Get your hash — the bulletproof way

This is probably one of the things that everyone thinks they know how to do but many end up doing it wrong. After coming accross yet one more super fragile snippet of code for this, I decided a blog post was in order.

The problem

You want to remove the pound sign (#) from location.hash. For example, when the hash is "#foo", you want to get a string containing "foo". That’s really simple, right?

Tricky cases

What most developers seem to miss is that in modern, JavaScript-heavy applications, a hash can contain any unicode character. It doesn’t necessarily have to correspond to the value of an actual id attribute in the page. And even when it does, ID attributes can now contain almost any unicode character. Another thing sometimes forgotten is that there might be no hash in the page. Even in a URL that ends in #, location.hash is actually equal to "" (the empty string) and not "#".

Naive approaches

This one is the most recent, found in a book I was tech reviewing:

var hash = location.hash.match(/#(\w+)/)[1];

which has quite a few issues:

  • Returns wrong results when there is any non-latin or non-alphanumeric character in the hash. For example, for the hash #foo@o#bar$%huh hello, just "foo" would be returned.
  • Throws a TypeError when location.hash is empty, since .match() will return null.

Other variations of this pattern I’ve seen include using explicitly defined character classes instead of \w, adding an anchor (^) before the pound sign (which is an excellent idea for performance) and checking if .match() actually returned something before using its result. However, they usually also fall into at least one of the 2 aforementioned issues.

Another approach a friend of mine once used was this:

var hash = location.hash.split('#')[1];

This also has its issues, which are ironically less than the first one, even though it seems a far more naive approach.

  • With the same test hash, it would at least get the "foo@o" part, which means it only fails when the hash contains a pound sign
  • When there’s no hash, it doesn’t throw an error, although it returns undefined instead of the empty string.

Getting it right

The approach I usually use is far simpler than both of the above and probably looks too loose:

var hash = location.hash.substring(1);

However, let’s examine it a bit:

  • With our weird test hash, it actually returns the correct result: “foo@o#bar$%huh hello”
  • When no hash exists, it correctly returns the empty string

“But it assumes there’s a pound sign at the start of the string!” I almost hear some of you cry. Well, that could be a real concern, if we were dealing with an arbitrary string. In that case, we would have to check if there’s actually a pound sign first or if the string even exists. However, with location.hash the only case when that is not true, is when there is no hash. And we got that case covered. ;)

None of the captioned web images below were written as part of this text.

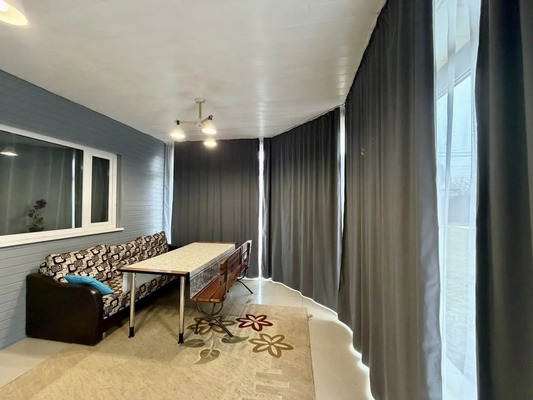 Продам дом, 23, Чехов-3 г, 0 км от города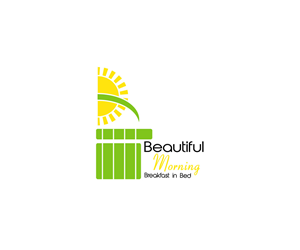 Logo Design by mcgeeky23 for this project | Design #2238517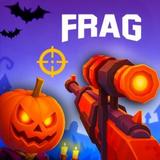 FRAG Pro Shooter(Mod Menu)4.15.0_playmods.net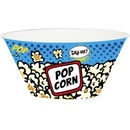 Orion Servírovací miska na popcorn 15,5 cm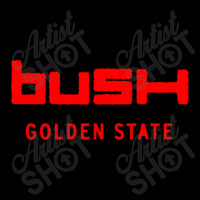 Bush Best Red Long Sleeve Shirts | Artistshot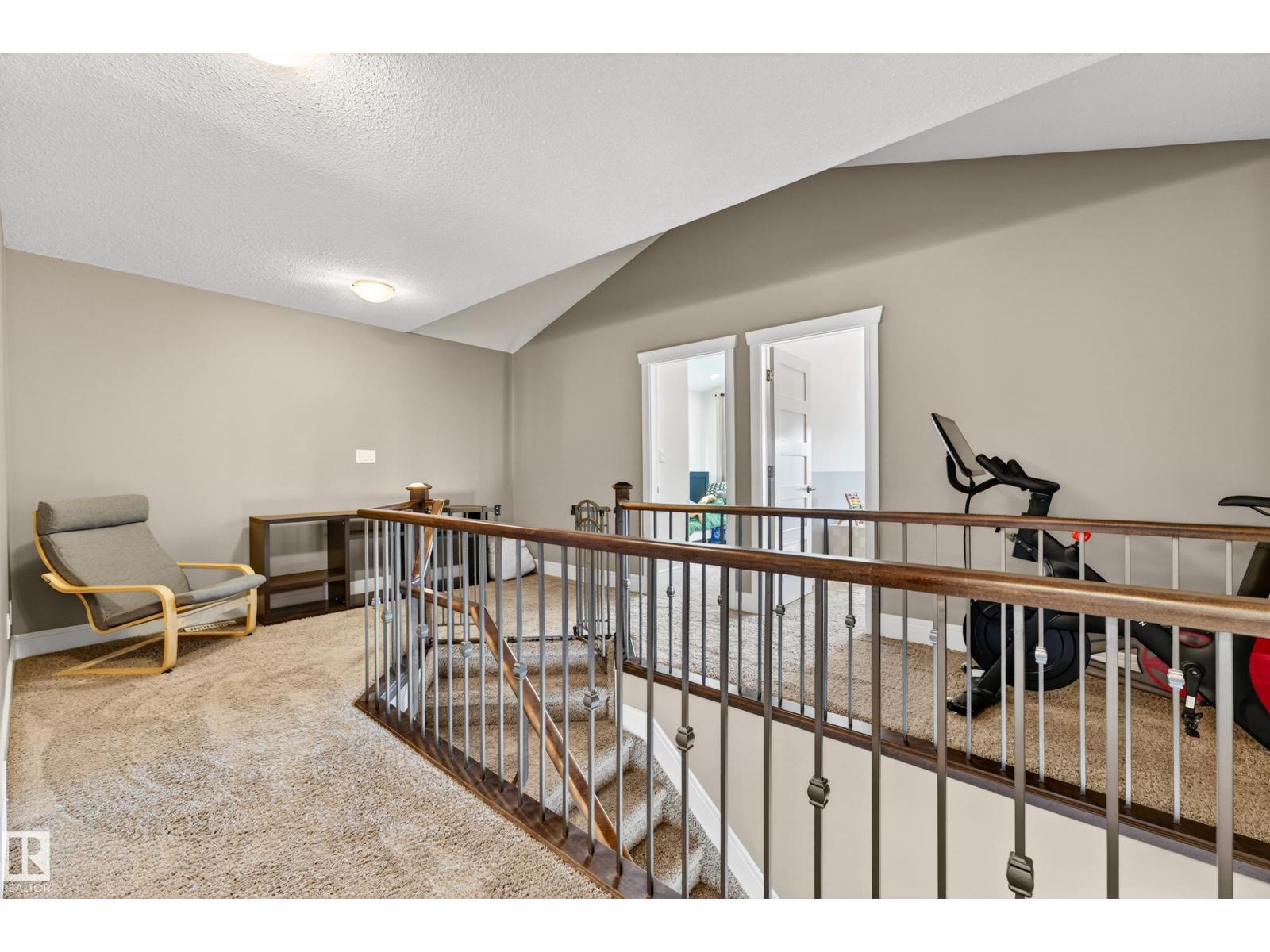 530 174A ST SW - 22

Edit: As pointed out in the comments, you may also use location.hash.slice(1) instead of substring. I kinda prefer it, since it’s 4 bytes shorter.

If however you’re obsessed with RegExps and want to do it with them no matter what, this is just as bulletproof and almost as short:

var hash = location.hash.replace(/^#/, '');

If for some reason (OCD?) you want to do it with .match() no matter what, you could do this:

var match = location.hash.match(/^#?(.*)$/)[1];

In that case, since the pound sign is optional, since .match() never returns null. And no, the pound sign never erroneously becomes part of the returned hash, because of the way regex engines work.

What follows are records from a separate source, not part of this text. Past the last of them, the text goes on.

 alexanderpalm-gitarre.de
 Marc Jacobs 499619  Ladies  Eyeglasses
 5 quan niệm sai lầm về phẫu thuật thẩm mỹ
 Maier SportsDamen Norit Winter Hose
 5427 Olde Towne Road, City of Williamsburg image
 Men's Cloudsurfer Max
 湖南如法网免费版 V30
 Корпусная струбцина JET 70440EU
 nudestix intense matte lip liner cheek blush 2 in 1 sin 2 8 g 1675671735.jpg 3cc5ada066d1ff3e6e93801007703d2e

“This is too basic, what a waste of my time!”

Sorry for that. I know that for some of you, this is elementary. But the guy who wrote that book is very knowledgable (the book is really good, apart from that code snippet) so I thought this means there are many good developers out there who get this wrong, so this post was needed to be written. If you’re not one of them, you can take it as a compliment.

“Hey, you missed something too!”

In that case, I’d love to find out what it is, so please leave a comment! :)

  • http://www.jbird-design.com Jordan Burke

     While this is basic, it’s most certainly not a waste of my time. I swear, I learn something new every time I visit your blog, but not just new – relevant as well.  Thanks for that!

  • http://twitter.com/jeef3 Jeff K

     As soon as I read “The Problem” I thought “oh know, what’s wrong with my location.hash.substring(1) idea”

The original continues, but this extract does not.